Great Chicago Rebuilding (1872)

This year, as part of the Forefront Fellowship, we were asked to think about how our work impacts or is impacted by technological advancements – and implicitly, the climate crisis we deal with today begins with the issue of technology. It is the slowly advancing march of industry and the harnessing of fossil fuels, accelerated in the mid-19th century, which is the identified cause of an increasingly warm and polluted planet – and the point at which all registrations of a marked shift in global climate begin. The Lower East Side of Manhattan, the site for what would become the first phase of our efforts on “The Big U”, has in many ways been shaped by the very forces that now challenge it – and provides an interesting look at the way in which thinking about resiliency expands quickly into a broader exercise.

Interstate 85 Construction in North Carolina (1958)

Beginning as a coastal marshland inhabited by the Lenape Indians, the LES’s early occupation as an agricultural area slowly expanded through shoreline reclamation to accommodate countless piers serving a global maritime trade, adjacent to factories and warehouses supplying these goods, as well as a tenement district housing workers and longshoremen. It is this same industry that helped contribute to worldwide carbon emissions, and the land, built at low elevations, that is now subject to the effects of sea level rise.

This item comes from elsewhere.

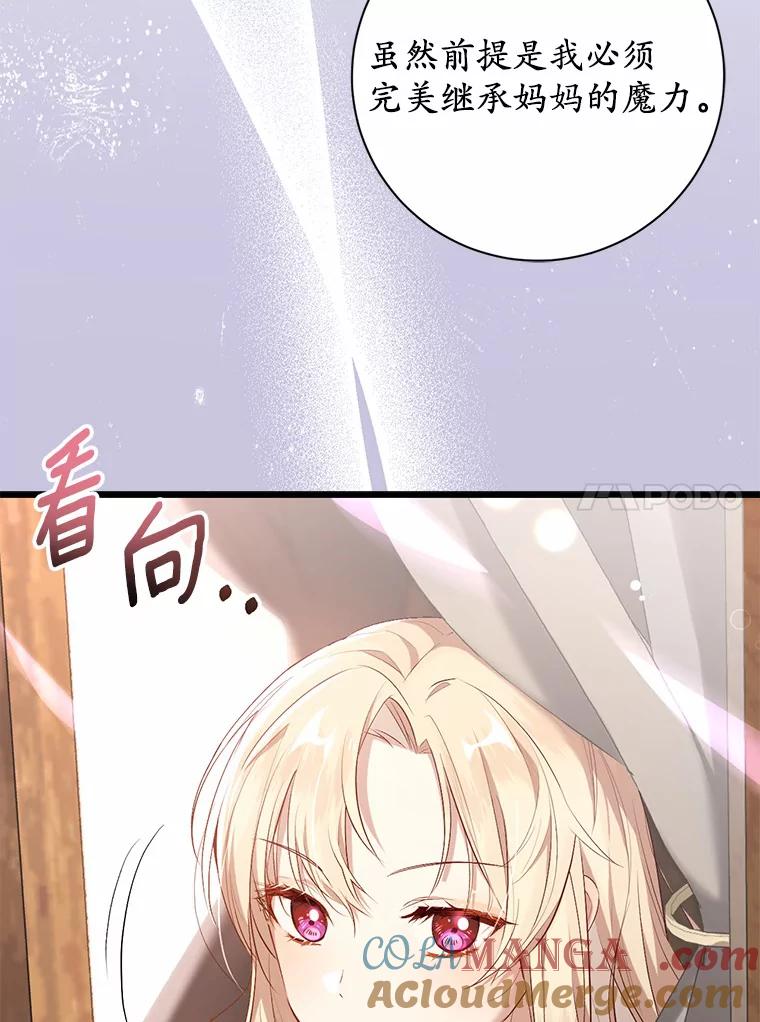 《从今天起，公爵府由我接管》3.前往公爵府 第97页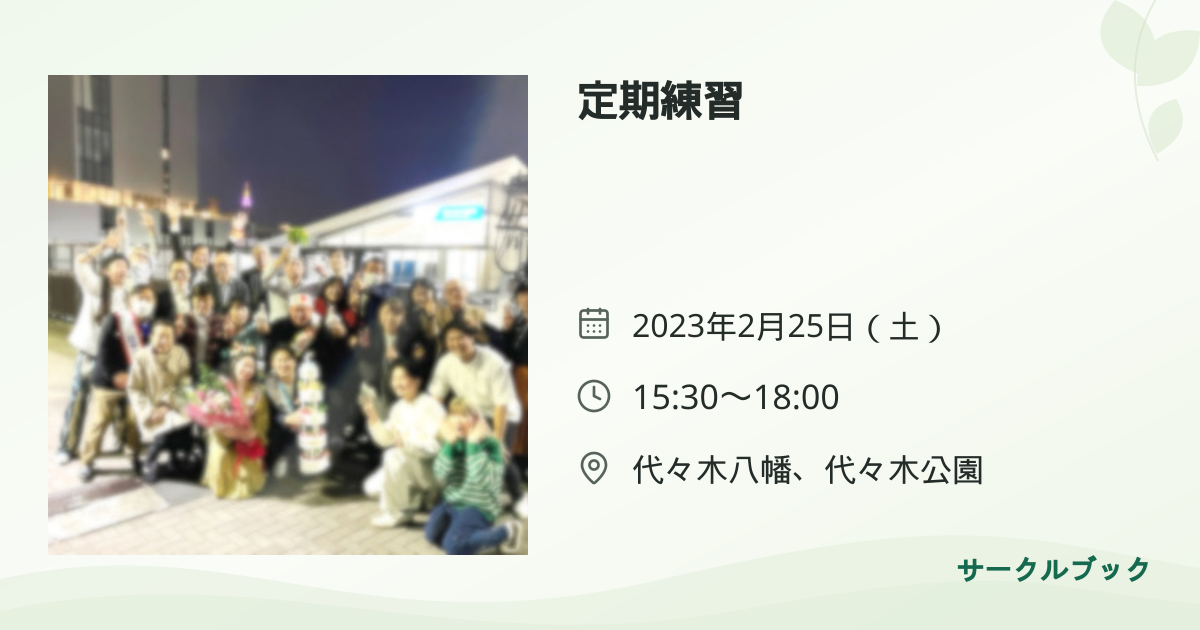 共有されるイベント画像のプレビュー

As maritime trade in Manhattan declined, migrating to ex-urban areas with room for growth and horizontal space for modern containerized shipping, it was supplanted by public housing, which would slowly concentrate poor and minority communities on this low lying land, and a decade later the FDR Drive – which would accommodate vehicular flow of goods and higher-income suburban commuters back into and out of the city on a daily basis. These flows of single-passenger vehicles and high-emissions trucks would cut off access to the waterfront for those still living in the area, while further contributing to global carbon emissions. And it is these same emissions that helped generate the 13.8’ storm surge of Hurricane Sandy, overtopping the roughly 8’ elevation coastal park and neighborhood, and sending the area’s population and poorly maintained public housing stock into a sustained crisis that lasts to this day.

Smoke Over New York City, 1936 (Fairchild Aerial Survey)

Construction of East River Promenade and Park, 1938

Construction of Riis Houses and FDR Drive Expressway, 1956

The question asked of our team, and that city-builders in New York and elsewhere are now asking themselves, is what we can we do about this? As nature increasingly challenges coastal cities, it is natural systems, in fact, that we need to create to adapt to these effects. But in a city that epitomizes the conflict between different land uses for real estate, how might we actually be able to make room for these expanded forms of resiliency? If technology, in its industrial form, produced the LES’s climate challenges, can it also now provide some ways forward?

Flooded and disconnected; East River Park and FDR Drive today (Jeremy Siegel)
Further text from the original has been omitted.